# Drowning in darkness [474 words]



## Noth (Mar 16, 2015)

I wrote this starting at 2:10ish AM just to see how far I could go with this concept. I appreciate any feedback and critisc- ANYONE WHO DARES CRITISCI-- Sorry. Its 2 am and I wrote a story, tired as fudge. 

Nothing. For the first time his eyes saw nothing but darkness all around him, his whole body felt submerged and heavy as the feeling of slowly sinking ran through his mind. He jerked and shook his arms but the more he resisted, the faster he could feel himself being pulled in. He held his breath, scared that he would soon be met with water instead of air. His eyes opened slowly and in front of him was a little boy sinking in the same darkness he was drowning on. Weren’t his eyes open before? He yelled, kicked, trashed but nothing could be done as the kid seemed to sink faster and faster and finally disappearing in the vast engulfing darkness. The kid was the first of many, he could see their silhouettes all around him. From any age to gender, no matter what race or face, bodies sank all around him. He yelled for any of them to hear, to look. . . to even notice him before the darkness engulfs him completely. But all of them sank and eventually left him. He felt the coldness of the depth, how long had he been sinking? Seconds? Minutes? Decades? There was no sense of time here, he knew from the blank faces around him that this was eternity, an everlasting darkness. He pursed his lips together and attempted to whistle but only air came out. Even in his head there were no sounds, music for him was long gone, like a distant memory you can tell was there but cannot recall, for it is lost for every lone soul in this darkness. He could not remember who he was, nor why or how he had stumbled into this pit. Acceptance came to him long ago, or was it 5 minutes ago? No matter. He was beginning to fall faster, maybe sink faster? As he submerged more and more he noticed again the boy of the beginning. This time his eyes were open, he seemed calm, peaceful even. The boy wasn’t sinking anymore, he seemed to be saying something but his lips moved too fast and he was engulfed below him. A bright light flashed below and the boy’s silhouette is gone. The boy is gone. He could feel himself being pulled in more, his end was coming and no light was going to receive him. For the first time since the beginning of eternity he could see, a dim black current so obscure that any silhouette pulled into it was lost. He looked around, no one but him was next.
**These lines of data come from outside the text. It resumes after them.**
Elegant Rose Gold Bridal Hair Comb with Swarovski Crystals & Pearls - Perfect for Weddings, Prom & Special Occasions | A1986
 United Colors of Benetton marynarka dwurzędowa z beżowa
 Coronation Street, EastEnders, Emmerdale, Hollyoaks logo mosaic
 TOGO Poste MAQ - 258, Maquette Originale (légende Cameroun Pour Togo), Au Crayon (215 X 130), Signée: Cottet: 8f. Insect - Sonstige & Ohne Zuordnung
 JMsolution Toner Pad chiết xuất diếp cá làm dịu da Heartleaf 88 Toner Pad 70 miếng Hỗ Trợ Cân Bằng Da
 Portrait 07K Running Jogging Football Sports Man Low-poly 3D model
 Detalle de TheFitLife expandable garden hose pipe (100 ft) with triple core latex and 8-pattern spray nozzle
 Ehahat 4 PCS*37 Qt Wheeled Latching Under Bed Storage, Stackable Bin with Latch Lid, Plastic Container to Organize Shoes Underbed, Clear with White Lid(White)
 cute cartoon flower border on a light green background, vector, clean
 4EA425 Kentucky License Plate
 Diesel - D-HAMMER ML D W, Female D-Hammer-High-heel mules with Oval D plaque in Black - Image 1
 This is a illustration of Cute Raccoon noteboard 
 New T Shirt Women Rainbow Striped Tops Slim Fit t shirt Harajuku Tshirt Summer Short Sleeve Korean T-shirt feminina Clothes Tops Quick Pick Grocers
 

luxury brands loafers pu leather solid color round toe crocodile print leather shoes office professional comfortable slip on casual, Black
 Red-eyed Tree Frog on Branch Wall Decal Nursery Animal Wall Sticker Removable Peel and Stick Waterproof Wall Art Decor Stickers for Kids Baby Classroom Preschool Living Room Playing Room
Warmth touched his skin for the first time as the current swept through him. He began to see nothing, not even the silhouettes he had become accustomed to see. But in his mind there was nothing but peace. Sweet bliss of release.


----------



## EricStevenJ. (Mar 17, 2015)

Noth said:


> I wrote this starting at 2:10ish AM just to see how far I could go with this concept. I appreciate any feedback and critisc- ANYONE WHO DARES CRITISCI-- Sorry. Its 2 am and I wrote a story, tired as fudge.
> 
> Nothing. For the first time his eyes saw nothing but darkness all around him*;* his whole body felt submerged and heavy as the feeling of slowly sinking ran through his mind. He jerked and shook his arms but the more he resisted, the faster he could feel himself being pulled in. He held his breath, scared that he would soon be met with water instead of air. His eyes opened slowly and in front of him was a little boy sinking in the same darkness he was drowning on. Weren’t his eyes open before? He yelled, kicked, trashed but nothing could be done as the kid seemed to sink faster and faster and finally disappearing in the vast engulfing darkness. The kid was the first of many, he could see their silhouettes all around him. From any age to gender, no matter what race or face, bodies sank all around him. He yelled for any of them to hear, to look. . . to even notice him before the darkness engulfs him completely. But all of them sank and eventually left him. He felt the coldness of the depth, how long had he been sinking? Seconds? Minutes? Decades? There was no sense of time here, he knew from the blank faces around him that this was eternity, an everlasting darkness. He pursed his lips together and attempted to whistle but only air came out. Even in his head there were no sounds, music for him was long gone, like a distant memory you can tell was there but cannot recall, for it is lost for every lone soul in this darkness. He could not remember who he was, nor why or how he had stumbled into this pit. Acceptance came to him long ago, or was it 5 minutes ago? No matter. He was beginning to fall faster, maybe sink faster? As he submerged more and more he noticed again the boy of the beginning. This time his eyes were open, he seemed calm, peaceful even. The boy wasn’t sinking anymore, he seemed to be saying something but his lips moved too fast and he was engulfed below him. A bright light flashed below and the boy’s silhouette is gone. The boy is gone. He could feel himself being pulled in more, his end was coming and no light was going to receive him. For the first time since the beginning of eternity he could see, a dim black current so obscure that any silhouette pulled into it was lost. He looked around, no one but him was next. Warmth touched his skin for the first time as the current swept through him. He began to see nothing, not even the silhouettes he had become accustomed to see. But in his mind there was nothing but peace. Sweet bliss of release.



Hello Noth,

Above is your short, quoted; below are my edits. There didn't seem to be a way to make them obvious, so I highlighted in green.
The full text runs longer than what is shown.